- About this exercise: Restate word for word the material below, starting at the line that contains "Hi, the name" and stopping after the last line; skip pictures.

- The data:
§ §

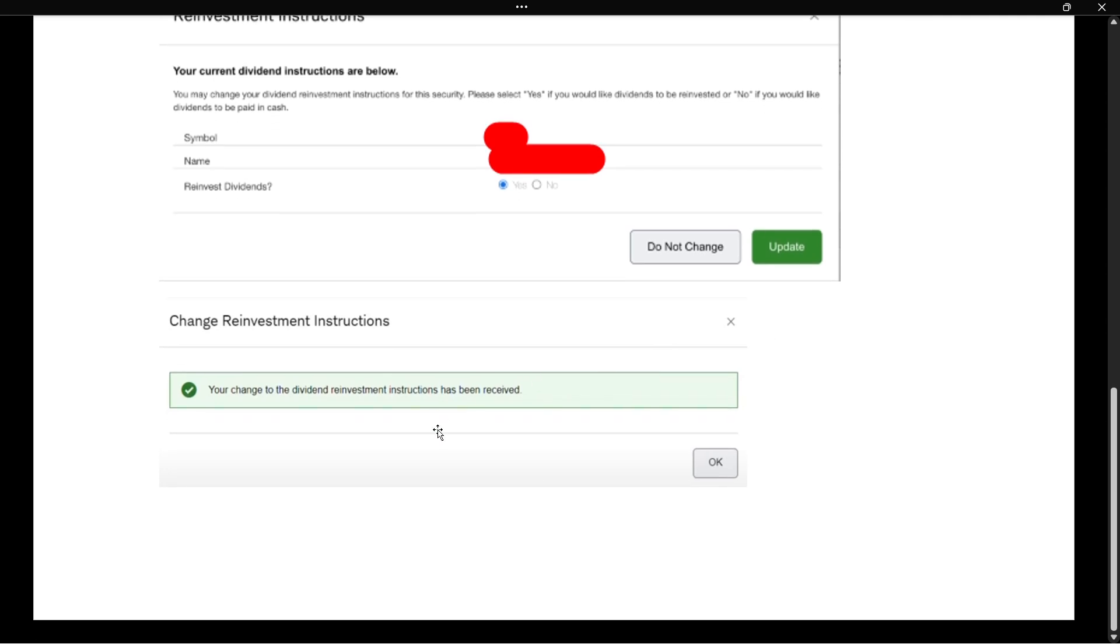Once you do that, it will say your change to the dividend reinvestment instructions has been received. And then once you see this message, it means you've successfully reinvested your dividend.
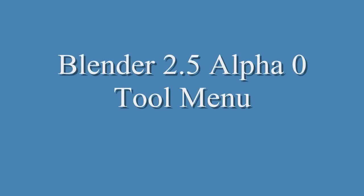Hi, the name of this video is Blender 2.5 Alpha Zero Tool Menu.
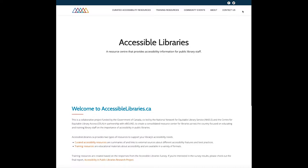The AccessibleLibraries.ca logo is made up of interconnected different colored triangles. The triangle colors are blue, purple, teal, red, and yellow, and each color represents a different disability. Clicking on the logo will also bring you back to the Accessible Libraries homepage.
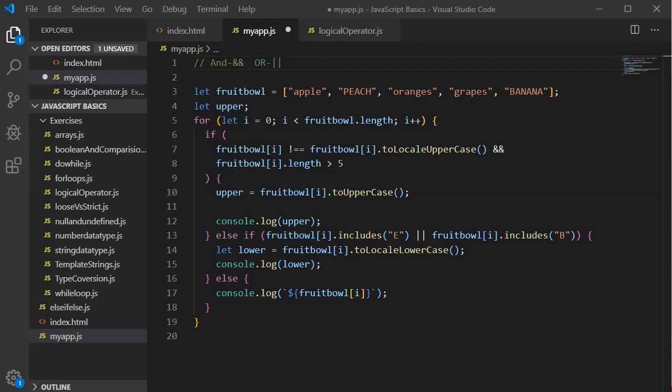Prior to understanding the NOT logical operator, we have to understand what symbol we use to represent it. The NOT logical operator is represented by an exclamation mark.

§ §

- Answer for the task:
Hi, the name of this video is Blender 2.5 Alpha Zero Tool Menu.
The AccessibleLibraries.ca logo is made up of interconnected different colored triangles. The triangle colors are blue, purple, teal, red, and yellow, and each color represents a different disability. Clicking on the logo will also bring you back to the Accessible Libraries homepage.
Prior to understanding the NOT logical operator, we have to understand what symbol we use to represent it. The NOT logical operator is represented by an exclamation mark.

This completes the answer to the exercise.